Cotton shortage means more expensive clothing
The crop in India, the world's second largest cotton grower with 23.5 million bales in 2009, suffered from widespread flooding, as did Pakistan. Some of production-king China's crop (32 million bales in 2009) may have fallen victim to unusually cold weather. Fortunately, the U.S. crop, in 2009, third largest in the world at 12.2 million bales, promises to be bountiful, else the price pressure would be even greater. The U.S. is the world's largest exporter of cotton.
The real culprit in spiking prices, however, is demand in the emerging markets. Producers, fearing a severe shortfall, are spending freely to assure a continued supply of the fabric, and some speculators have jumped into the volatile market. The price of cotton, as measured by National Cotton Council of America's world index, has risen from under $0.93 in June to around $1.27 a pound. The United States Department of Agriculture projects consumption in 2010 will outstrip production by around 4 million bales.

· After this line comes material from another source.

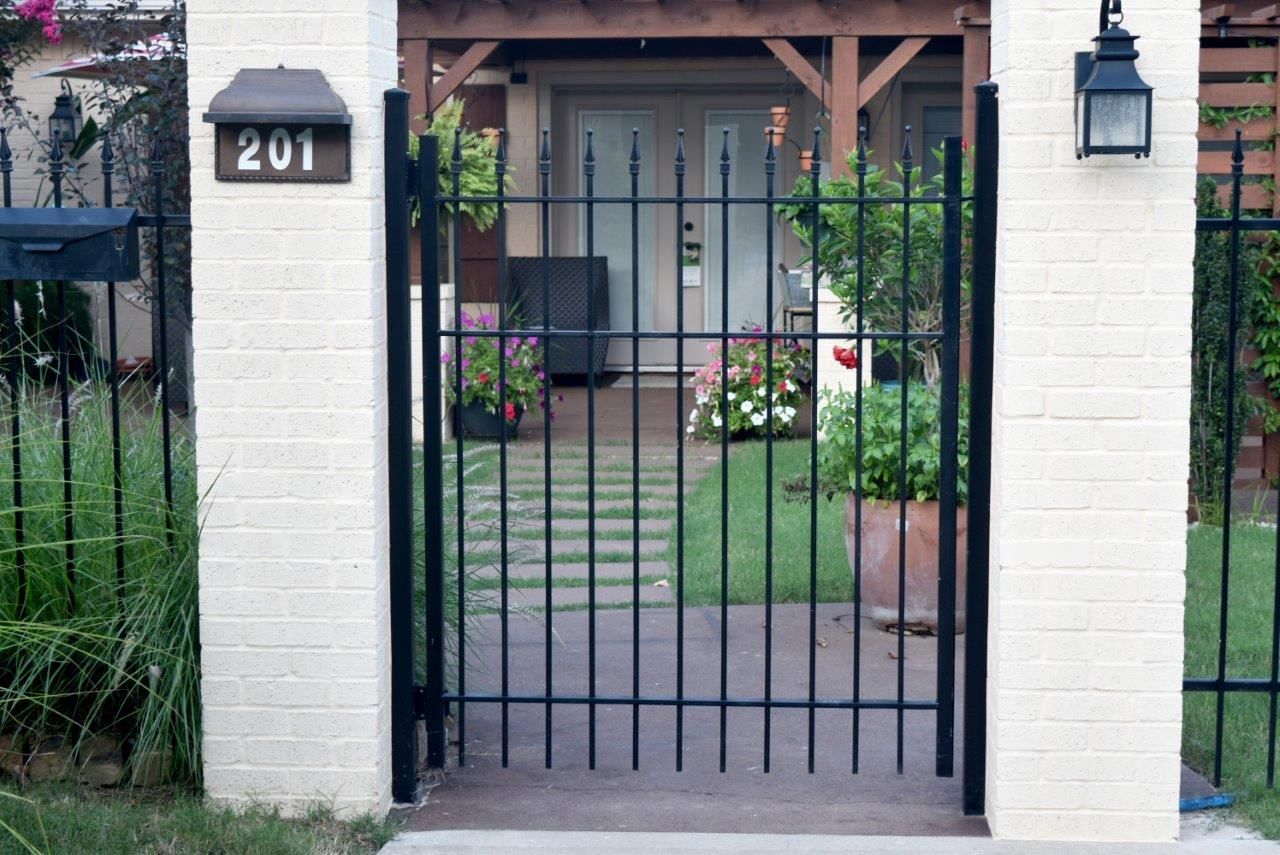 a white brick house with a black gate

Some companies will try to move clothing production to a cheaper venue to offset higher material costs, according to the New York Times. Others will try to shave the bottom line by switching to synthetics, but that strategy is proving dicey. The Wall Street Journal (subscription required) reports that polyester is also growing more expensive, up by as much as 25%, again due to demand of the same manufacturers looking for an alternative to cotton, as well as fluctuations in oil prices.
Where will you see the effect of the shortage? In your shorts, according to the WSJ, which reported that Hanesbrands, makers of Hanes and Playtex clothes, plans to raise prices by 3-4% this spring. Look for other clothing manufacturers to follow suit.